■ **How to complete this task**
This exercise calls for retyping every line below exactly, with the images omitted.

(Given material begins)

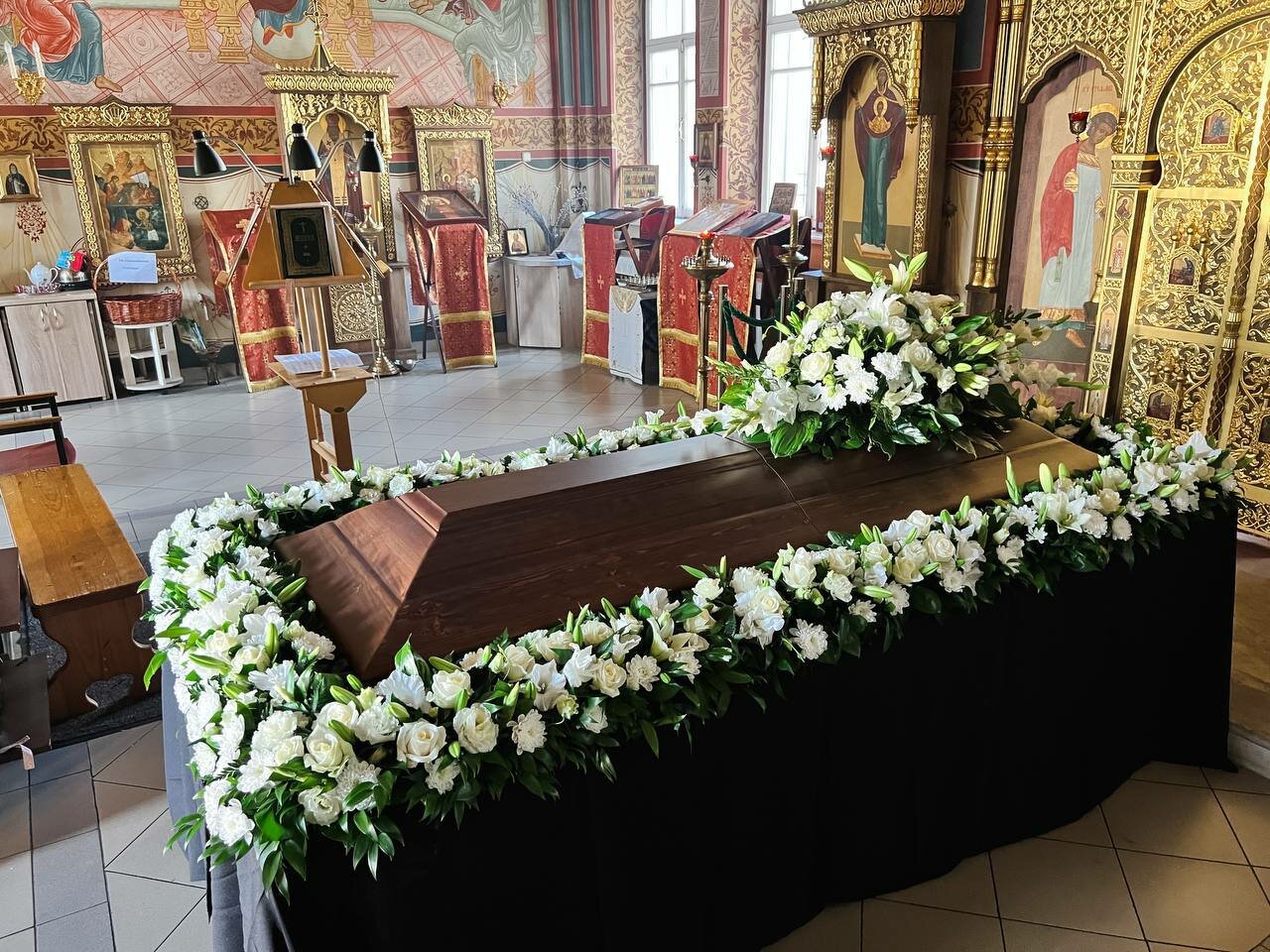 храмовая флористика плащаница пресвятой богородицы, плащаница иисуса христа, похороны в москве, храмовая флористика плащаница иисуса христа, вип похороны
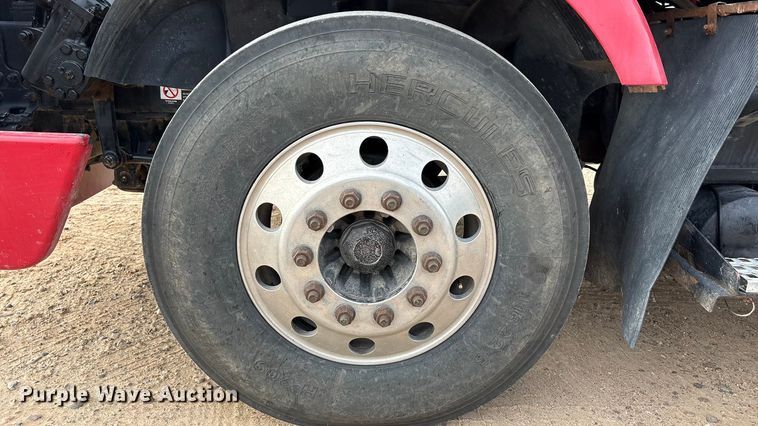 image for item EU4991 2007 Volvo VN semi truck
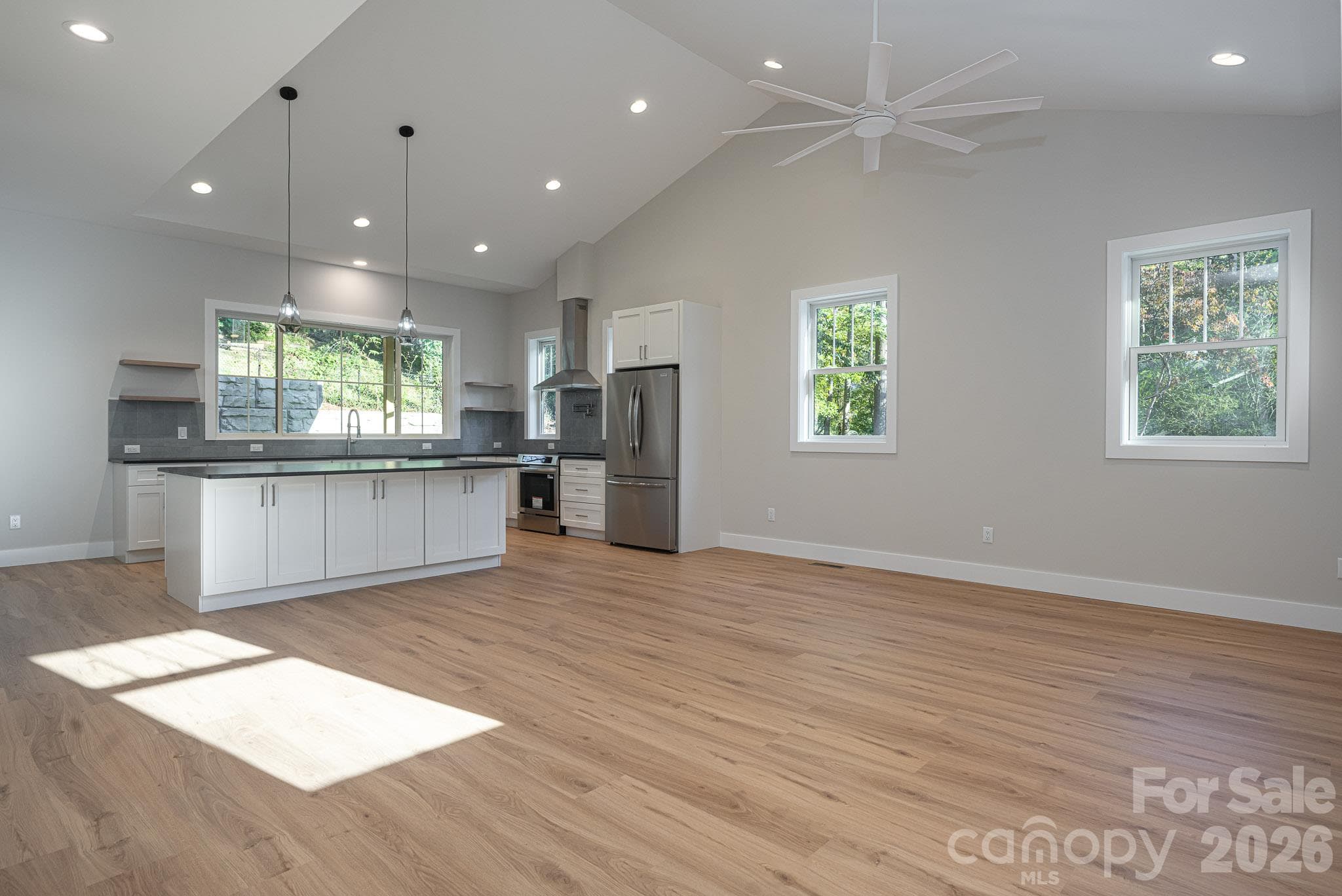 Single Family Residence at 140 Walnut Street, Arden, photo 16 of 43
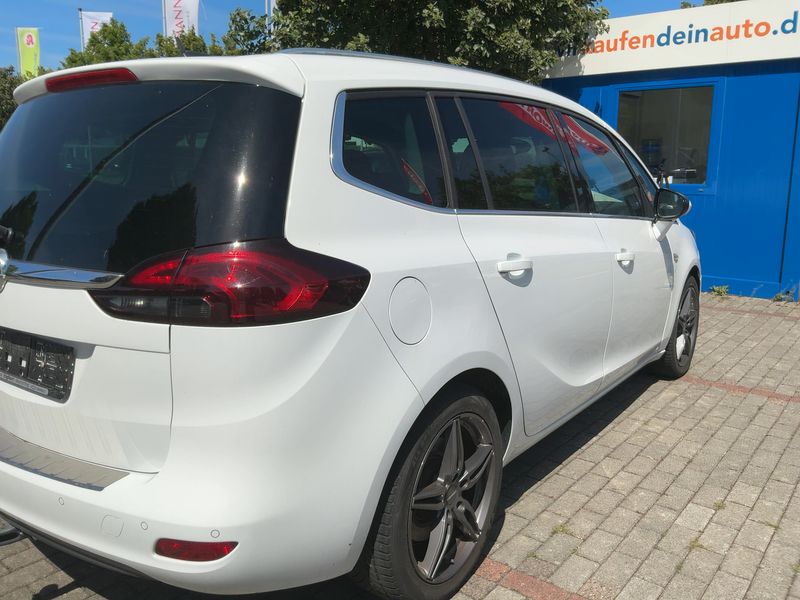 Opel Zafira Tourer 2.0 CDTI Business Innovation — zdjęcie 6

(Given material ends)

■ **Answer to the problem**
 храмовая флористика плащаница пресвятой богородицы, плащаница иисуса христа, похороны в москве, храмовая флористика плащаница иисуса христа, вип похороны
 image for item EU4991 2007 Volvo VN semi truck
 Single Family Residence at 140 Walnut Street, Arden, photo 16 of 43
 Opel Zafira Tourer 2.0 CDTI Business Innovation — zdjęcie 6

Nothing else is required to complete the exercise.